Discussing the recent detentions of Christians, Todd Nettleton from Voice of the Martyrs said,“The charges reveal a government mindset that has earned it the dubious distinction of occupying spot #8 on the Open Doors World Watch List (a ranking of the 50 countries where persecution of Christians is most severe). Nettleton said that having contact with foreign ministries is considered a national security threat. “But ‘disrupting national security’…they equate spreading Christianity, being a witness for Christ, with disrupting the security of the entire nation of Iran. That tells you what the regime thinks of Christianity.”
Though Iran released 80 political prisoners in anticipation of the Iranian leader’s trip to the United Nations last week as part of what the New York Times called his “charm offensive,” at least 2000 political and religious dissidents remain incarcerated. According to a UN Special Rapporteur, prisoners are regularly subjected to torture, including beating and whipping in 100 percent of the cases; sexual torture, rape, and molestation in 60 percent of the cases; and with psychological and environmental torture such as solitary confinement as “highly prevalent.”

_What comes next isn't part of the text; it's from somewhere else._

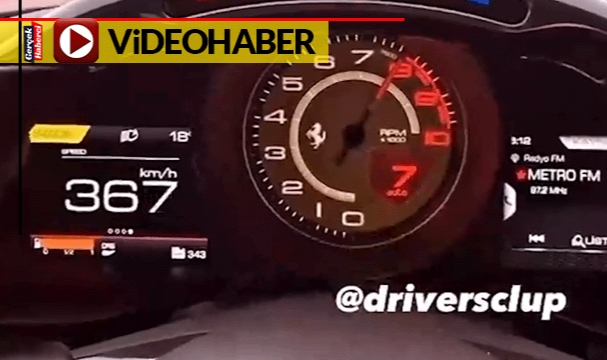 367 Km hız yapan Ferrari görenleri şaşkına çevirdi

And human rights activists fear that Rouhani plans to empty the prison by executing prisoners. The French news agency AFP reported Rouhani saying, “’We don’t like to have anyone or see anyone in prison. We would like to have empty prisons.” Prior to Rouhani’s election, Iran had the highest execution rate in the world, a rate that has continued unabated since his election in June, with some 100 Iranians executed in the first month alone, some of them juveniles. Moreover, a large number of prisoners are secretly killed by the regime.

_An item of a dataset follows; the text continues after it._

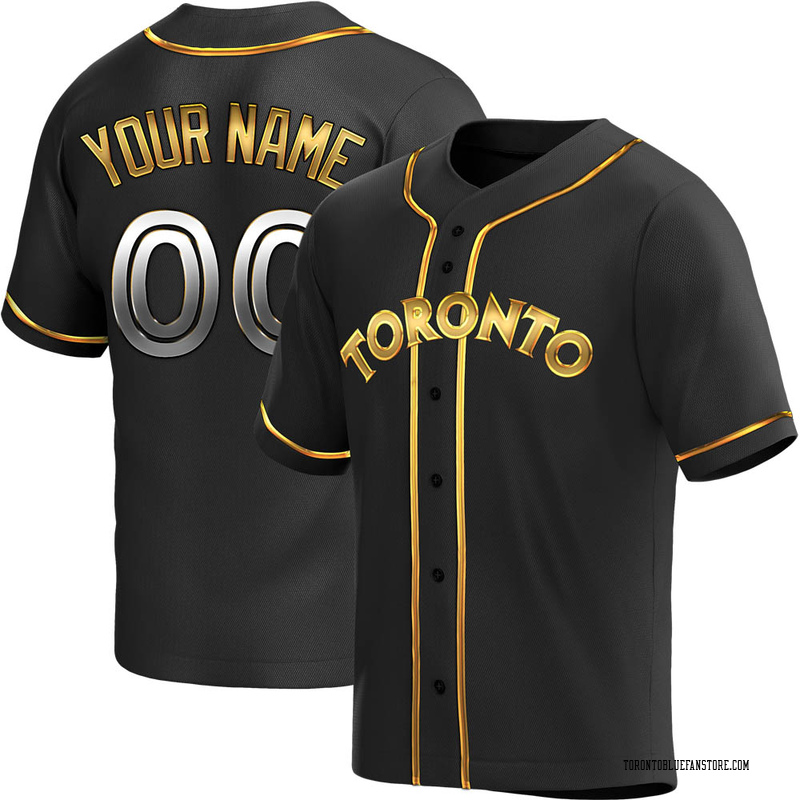 Men's Blue Jays Black 2019 Golden Edition Custom Flex Base Jersey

Earlier this month, in a column at Al-Monitor, Dwight Bashir, deputy director of policy and research at the US Commission on International Religious Freedom urged caution in dealing with Iran’s new leader. “[T]he biggest mistake the United States and its allies could make going forward would be to sidestep Iran’s international human rights obligations in favor of making progress on its international proliferation commitments. These concerns are not mutually exclusive, nor should Iran interpret the allure of a short-run nuclear bargain with the West as a free pass on its long-standing domestic abuses.”
Bashir said that despite Rouhani’s moderate rhetoric, minorities have faced continued repression since his election in June. “There has been a renewed crackdown on Protestant Christians resulting in numerous arrests; Sufi activists were convicted in an unfair trial for peaceful religious expression; and, for the first time in 15 years, a Baha’i, Ataollah Rezvani, was shot to death because of his faith. In the months leading up to Rezvani’s murder, intelligence officials had been harassing and threatening him and a month after his killing, no official investigation is underway.”
Bashir said the U.S. should judge Rouhani on his deeds, not just words. He offered the following benchmarks that could demonstrate Rouhani’s sincerity:
- Pardon the Sufis during Ashura commemorations in November.
- Release Pastor Abedini and the remaining Christian prisoners of conscience by Christmas.
- Ensure that more than 100 Baha’is in prison for their faith are set free by March 20, 2014, which marks both the Iranian and the Baha’i new year.
Bashir said, “Democracies that respect the rights of their people rarely go to war with each other. Prudence alone suggests the wisdom of holding Iran’s feet to the fire on human rights.”
Iran needs to know that the international community is watching and will hold Iran accountable.